The Trow Wavelength: “Think of the Children”
George Trow, on the other hand, spends no time looking towards a solution. He was a polemicist through and through, and his landmark essay Within the Context of No Context only ever offers implicit solutions and ways of thinking toward solutions. It's tangled mass of interconnected ideas, and it's all too easy to pick one of his threads and follow it to completion without getting the point, because it intersects with dozens of other lines of argument, and each acts and reacts in concert. In short, it's a nonlinear Rube Goldberg machine of critical theory, which may sound like I'm looking down on it, but I assure you it's quite the opposite: Trow deserves more attention, and at another time I plan on giving him that attention.

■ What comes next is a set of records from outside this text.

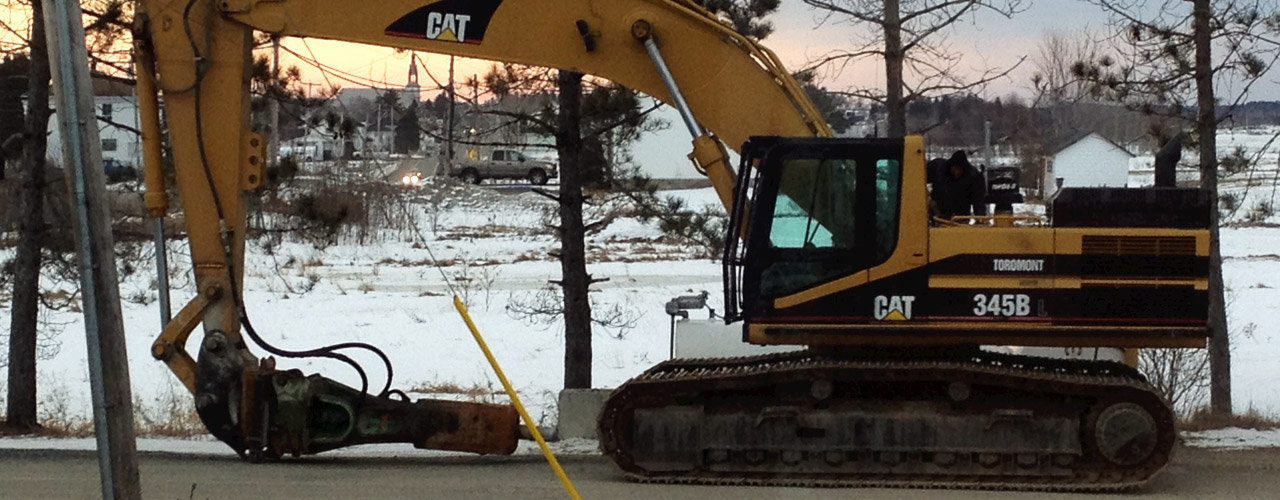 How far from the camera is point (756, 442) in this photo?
8625mm

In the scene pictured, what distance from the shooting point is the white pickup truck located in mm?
47656

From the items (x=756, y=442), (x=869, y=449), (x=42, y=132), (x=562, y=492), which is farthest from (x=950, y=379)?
(x=42, y=132)

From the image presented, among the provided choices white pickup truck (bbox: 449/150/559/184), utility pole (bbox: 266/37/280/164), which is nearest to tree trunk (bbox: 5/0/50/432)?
utility pole (bbox: 266/37/280/164)

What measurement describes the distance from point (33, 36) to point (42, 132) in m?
0.84

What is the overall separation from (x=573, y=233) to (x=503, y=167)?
37714 mm

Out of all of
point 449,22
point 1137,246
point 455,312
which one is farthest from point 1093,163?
point 449,22

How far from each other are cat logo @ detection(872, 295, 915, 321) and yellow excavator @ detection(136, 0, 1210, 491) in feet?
0.05

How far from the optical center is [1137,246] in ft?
27.4

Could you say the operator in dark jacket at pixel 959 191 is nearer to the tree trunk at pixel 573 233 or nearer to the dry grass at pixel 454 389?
the tree trunk at pixel 573 233

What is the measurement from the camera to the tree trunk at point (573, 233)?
489 inches

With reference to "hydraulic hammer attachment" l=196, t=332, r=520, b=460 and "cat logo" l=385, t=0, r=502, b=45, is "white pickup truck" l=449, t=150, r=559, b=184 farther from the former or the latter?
"cat logo" l=385, t=0, r=502, b=45

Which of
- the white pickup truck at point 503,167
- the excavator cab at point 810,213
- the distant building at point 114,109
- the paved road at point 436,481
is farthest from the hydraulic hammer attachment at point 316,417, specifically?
the white pickup truck at point 503,167

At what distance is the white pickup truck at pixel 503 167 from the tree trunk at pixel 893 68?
112ft

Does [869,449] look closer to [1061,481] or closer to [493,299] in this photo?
[1061,481] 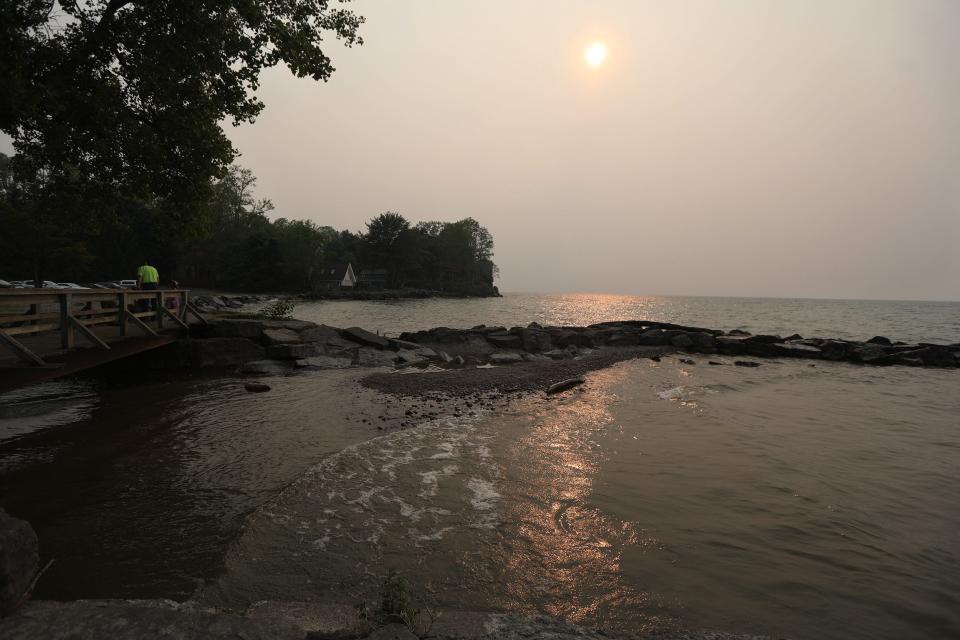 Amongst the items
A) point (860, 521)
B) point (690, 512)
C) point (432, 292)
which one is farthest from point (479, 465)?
point (432, 292)

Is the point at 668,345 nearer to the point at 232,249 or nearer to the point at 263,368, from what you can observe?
the point at 263,368

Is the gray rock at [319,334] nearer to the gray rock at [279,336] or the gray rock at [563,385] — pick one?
the gray rock at [279,336]

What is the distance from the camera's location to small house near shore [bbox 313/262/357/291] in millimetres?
91938

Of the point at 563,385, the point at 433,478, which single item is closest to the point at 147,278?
the point at 433,478

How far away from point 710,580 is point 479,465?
382cm

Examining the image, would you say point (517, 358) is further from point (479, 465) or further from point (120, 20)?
point (120, 20)

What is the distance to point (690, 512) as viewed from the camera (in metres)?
6.02

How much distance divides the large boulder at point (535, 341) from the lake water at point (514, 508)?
11249 millimetres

One of the pervasive threads in Within the Context of No Context, to pick a tree out of the forest for closer examination, is the attitudes of contemporary American – I'd say Anglo-American, but I'm American and everything looks like weird America to me – towards children. There is a puerile obsession with childhood and the artifacts and accidents thereof: children and the accoutrements of childhood are an all-pervading guiding principle in western society. Everything is for the benefit and safety of children, but we so poorly understand the needs of childhood that we're unable to actually do anything properly in regard to it.
Perhaps one of the most clear of the aphorisms that Trow puts forward is that
“Adulthood” in the last generation has very little to do with “adulthood” as that word would have been understood by adults in any previous generation. Rather, “adulthood” has been defined as “a position of control in the world of childhood.”

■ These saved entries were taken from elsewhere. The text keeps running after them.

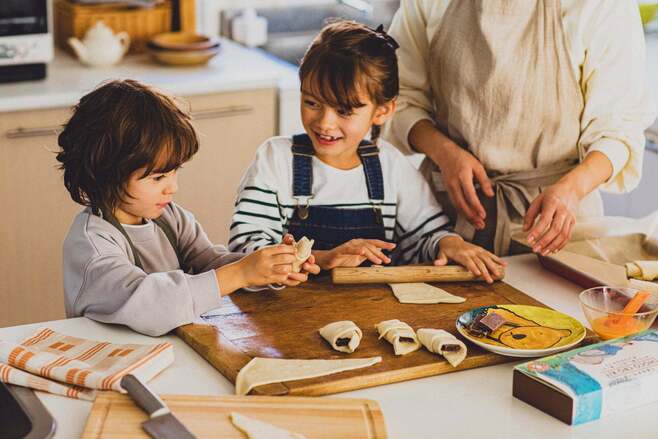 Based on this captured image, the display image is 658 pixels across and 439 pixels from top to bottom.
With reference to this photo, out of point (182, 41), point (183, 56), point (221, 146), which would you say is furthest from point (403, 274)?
point (182, 41)

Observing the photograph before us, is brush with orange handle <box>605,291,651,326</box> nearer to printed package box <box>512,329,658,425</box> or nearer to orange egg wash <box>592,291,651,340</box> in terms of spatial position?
orange egg wash <box>592,291,651,340</box>

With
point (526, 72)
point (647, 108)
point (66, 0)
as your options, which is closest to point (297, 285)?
point (526, 72)

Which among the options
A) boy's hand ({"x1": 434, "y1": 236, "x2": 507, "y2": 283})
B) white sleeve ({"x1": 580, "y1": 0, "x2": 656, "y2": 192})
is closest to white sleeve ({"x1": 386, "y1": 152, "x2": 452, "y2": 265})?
boy's hand ({"x1": 434, "y1": 236, "x2": 507, "y2": 283})

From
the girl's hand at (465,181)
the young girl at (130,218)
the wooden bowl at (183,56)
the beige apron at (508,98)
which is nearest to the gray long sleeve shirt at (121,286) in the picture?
the young girl at (130,218)

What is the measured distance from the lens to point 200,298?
158 centimetres

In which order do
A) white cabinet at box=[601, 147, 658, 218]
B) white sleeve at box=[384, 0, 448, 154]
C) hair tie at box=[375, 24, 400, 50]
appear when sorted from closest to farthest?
1. hair tie at box=[375, 24, 400, 50]
2. white sleeve at box=[384, 0, 448, 154]
3. white cabinet at box=[601, 147, 658, 218]

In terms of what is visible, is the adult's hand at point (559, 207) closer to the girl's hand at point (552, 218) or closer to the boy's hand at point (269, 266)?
the girl's hand at point (552, 218)

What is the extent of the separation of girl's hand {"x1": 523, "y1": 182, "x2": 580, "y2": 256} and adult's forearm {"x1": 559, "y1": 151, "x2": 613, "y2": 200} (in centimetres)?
2

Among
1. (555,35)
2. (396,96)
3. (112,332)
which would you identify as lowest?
(112,332)

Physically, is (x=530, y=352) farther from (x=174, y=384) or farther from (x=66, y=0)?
(x=66, y=0)

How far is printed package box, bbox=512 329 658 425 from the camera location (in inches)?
52.5

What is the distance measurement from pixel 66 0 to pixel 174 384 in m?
2.15

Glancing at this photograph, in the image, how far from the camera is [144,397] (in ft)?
4.24

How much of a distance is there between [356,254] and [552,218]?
0.36 meters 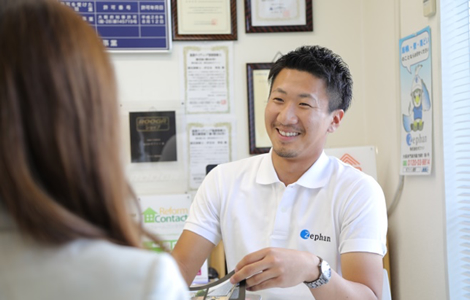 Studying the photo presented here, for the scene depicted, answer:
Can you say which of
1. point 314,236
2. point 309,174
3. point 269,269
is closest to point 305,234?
point 314,236

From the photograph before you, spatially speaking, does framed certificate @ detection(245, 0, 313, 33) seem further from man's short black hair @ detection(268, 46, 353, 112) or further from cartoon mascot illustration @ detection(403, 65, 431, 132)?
man's short black hair @ detection(268, 46, 353, 112)

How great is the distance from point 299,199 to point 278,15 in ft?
4.72

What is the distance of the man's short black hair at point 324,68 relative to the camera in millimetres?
1827

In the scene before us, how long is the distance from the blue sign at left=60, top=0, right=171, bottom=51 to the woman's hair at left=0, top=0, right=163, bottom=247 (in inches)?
89.6

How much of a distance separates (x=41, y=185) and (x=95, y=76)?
0.13 meters

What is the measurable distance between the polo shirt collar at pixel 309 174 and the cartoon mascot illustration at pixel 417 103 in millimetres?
600

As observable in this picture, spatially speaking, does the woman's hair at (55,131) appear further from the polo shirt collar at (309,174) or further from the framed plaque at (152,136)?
the framed plaque at (152,136)

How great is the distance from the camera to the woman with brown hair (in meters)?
0.56

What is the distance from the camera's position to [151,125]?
2.85 meters

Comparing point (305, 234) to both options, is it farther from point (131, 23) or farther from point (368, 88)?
point (131, 23)

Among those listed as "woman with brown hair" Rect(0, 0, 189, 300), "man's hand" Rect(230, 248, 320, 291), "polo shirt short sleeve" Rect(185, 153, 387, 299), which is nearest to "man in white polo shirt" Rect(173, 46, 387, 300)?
"polo shirt short sleeve" Rect(185, 153, 387, 299)

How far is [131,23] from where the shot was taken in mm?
2844

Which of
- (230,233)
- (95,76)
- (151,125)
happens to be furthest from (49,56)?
(151,125)

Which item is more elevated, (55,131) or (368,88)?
(368,88) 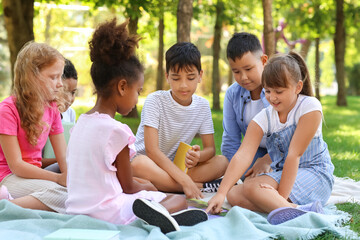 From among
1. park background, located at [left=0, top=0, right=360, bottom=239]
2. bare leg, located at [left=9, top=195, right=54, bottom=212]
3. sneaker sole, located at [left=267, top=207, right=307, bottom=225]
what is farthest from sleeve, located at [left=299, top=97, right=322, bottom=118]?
bare leg, located at [left=9, top=195, right=54, bottom=212]

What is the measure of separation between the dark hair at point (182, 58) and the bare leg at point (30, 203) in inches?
56.1

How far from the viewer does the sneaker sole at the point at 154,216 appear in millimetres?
2438

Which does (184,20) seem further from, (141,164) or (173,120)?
(141,164)

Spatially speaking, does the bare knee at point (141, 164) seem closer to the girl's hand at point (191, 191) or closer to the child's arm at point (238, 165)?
the girl's hand at point (191, 191)

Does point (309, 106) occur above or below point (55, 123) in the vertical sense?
above

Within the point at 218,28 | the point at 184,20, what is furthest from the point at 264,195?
the point at 218,28

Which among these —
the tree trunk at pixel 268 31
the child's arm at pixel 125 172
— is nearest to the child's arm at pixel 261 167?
the child's arm at pixel 125 172

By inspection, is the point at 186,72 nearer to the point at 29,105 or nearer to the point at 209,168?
the point at 209,168

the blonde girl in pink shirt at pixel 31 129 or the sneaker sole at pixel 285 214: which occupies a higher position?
the blonde girl in pink shirt at pixel 31 129

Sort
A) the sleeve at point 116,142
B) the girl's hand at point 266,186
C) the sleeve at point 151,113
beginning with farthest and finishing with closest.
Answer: the sleeve at point 151,113 < the girl's hand at point 266,186 < the sleeve at point 116,142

This is follows up with the statement that “Ambitious Americans, sensing this, have preferred to remain adolescents, year after year.”
However, this dissolving of the adult context means that adults are essentially trapping themselves perpetually within the realm of preparing for adulthood – Roland Barthes makes the point in his essay “Toys” (starts page 8, listed as page 53) that much of childhood is simply conditioning people, preparing them for adulthood. So people are forever preparing to take a stage that they will never walk on. That is how we have ended up at a moment in history when so many people are playing at adulthood, where the highest executive in our government is playing at being a president, where one of the most popular forms of entertainment (video games) and the finance industry both revolve around what my friend Byron Gilman-Hernandez (former producer of the Eloquentia Perfecta Ex Machina podcast) labeled “the bureaucratic pleasure of watching numbers get bigger.” The ludic impulse in culture can be a good thing, but it has to be subordinated to something else. There needs to be some kind of responsibility.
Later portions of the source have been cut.